Sample Projects and Gallery Exhibits:

“Nothing Is As It Seems” – group sculpture

Campers select and bring to camp the “most boring, ordinary” object from home, and create something wonderful. The campers, themselves, will be tasked with determining which item brought in is “the most boring”, but then on close inspection (and maybe some introspection) will reveal that none of the objects is boring, or ordinary.

Campers may be asked to take 15 – 20 different photos of their items. Taking multiple photos of the same, ordinary object is a great way to learn to pay close attention, and to force you (and others) to see that object in different ways. Campers may be asked to write down what’s interesting about each object in a postcard.

From there, Campers will work together to combine the objects in a sculptural piece – to create something they deem interesting, that challenges viewers to see things as the infinitely fascinating marvels they are.

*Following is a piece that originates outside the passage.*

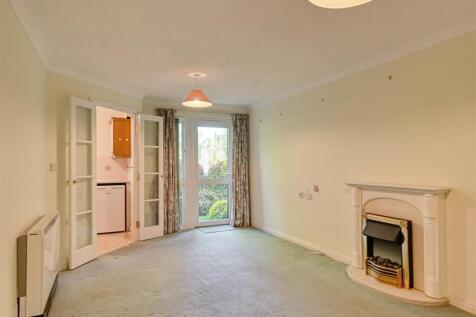 1 Lavington Court-13.jpg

“Nothing Is As It Seems” is the 1st piece encountered when entering the Gallery Exhibit. Sculpture. What’s interesting about a pile of everyday junk? If our guest gets stumped, the children’s ‘discovery postcards’ will be hanging nearby to help.

“A Mess of Feelings”carving and poured resin

What are you feeling right now? Where do you feel it in your body? Does it have a color or shape or size? Does it affect the people or events around you? In this activity, we’ll be using our emotions to inform our design and create a poured resin sculpture.

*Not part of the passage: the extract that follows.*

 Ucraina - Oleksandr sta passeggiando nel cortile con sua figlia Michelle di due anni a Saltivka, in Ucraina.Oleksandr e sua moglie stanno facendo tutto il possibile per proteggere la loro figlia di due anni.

“Where Are You, Now?”individual and collaborative paper sculpture, 3D self-portraits

Who are we? A self-portrait isn’t just a reflection of our physical appearance, it’s an opportunity to tell a story about who we are, where and how we want to focus attention; ours and others to think differently about who we are.

“Where Are You, Now?” brings us into the current moment, and demonstrates that it is endlessly full of wonders and opportunities.

 

About Cherie Lee:

Cherie Lee is a self-taught, Philadelphia-born artist, who utilizes high speed rotary equipment to reduce genuine Ostrich Eggshells to small-scale, subtractive-sculpture commentaries appreciating, and testing, the limits of faculty and frailty. Whether her subject matter be ecological, sociological or anthropological, she unites substance and subject, gingerly evoking one basic concept: what you have is fragile, no matter it’s strength. Having grown up suburban-poor, her earliest materials were found objects in nature and readily available household items, predominantly paper. These early works resulted most often in two distinct forms: elaborate dimensional paper sculptures that are white-on-white plays of light and shadow, or intricately detailed, flat black paper-cuts. Both styles notable for what they lack, or what’s been taken away; a concept she hopes might foster a more solid appreciation for what is there.

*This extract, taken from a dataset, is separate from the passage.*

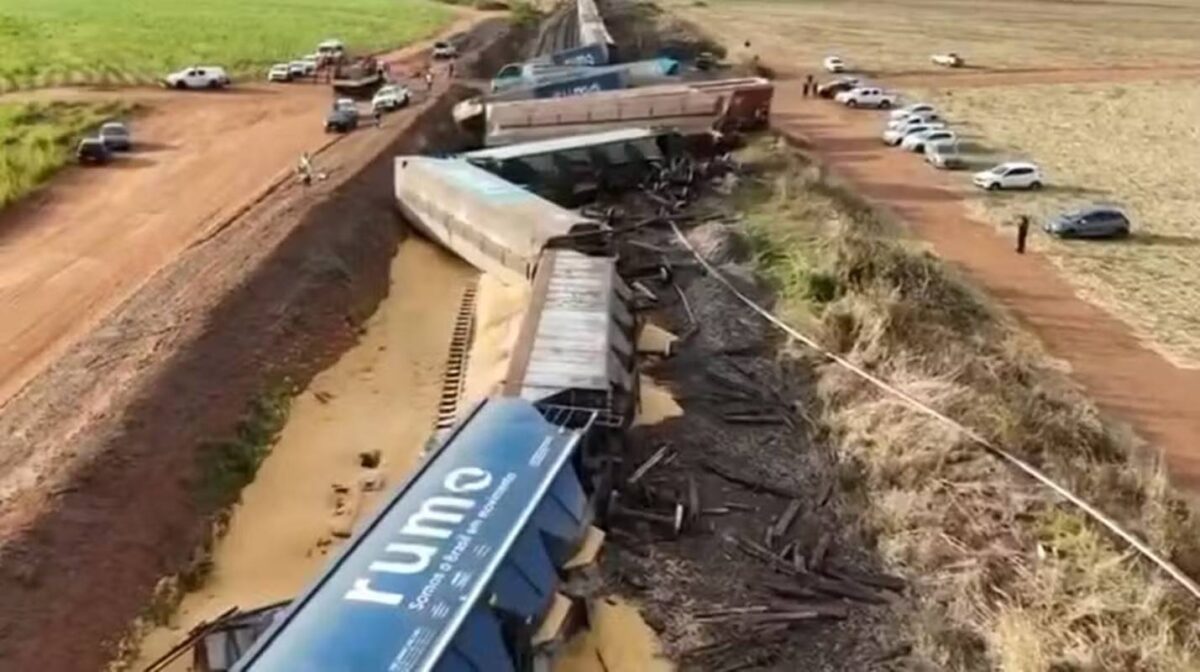 trem-de-carga-descarrila-apos-bater-em-caminhao.-veja-video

Shortly after recognizing the humble chicken egg as a perfect 4-dimensional ‘canvas’, one of her first pieces was admitted to the United States White House Permanent Collection. By 2018, she acquired the tools necessary that would allow her to focus solely on her preferred medium, the thick and sturdy ostrich eggshell. Her current body of work explores how much can be taken away from something, be it natural, man-made or conceptual, without removing it’s integrity. “However,” she cautions, “if the strength of an eggshell allows me to push it to it’s furthest limits, it’s fragility reminds me not to.”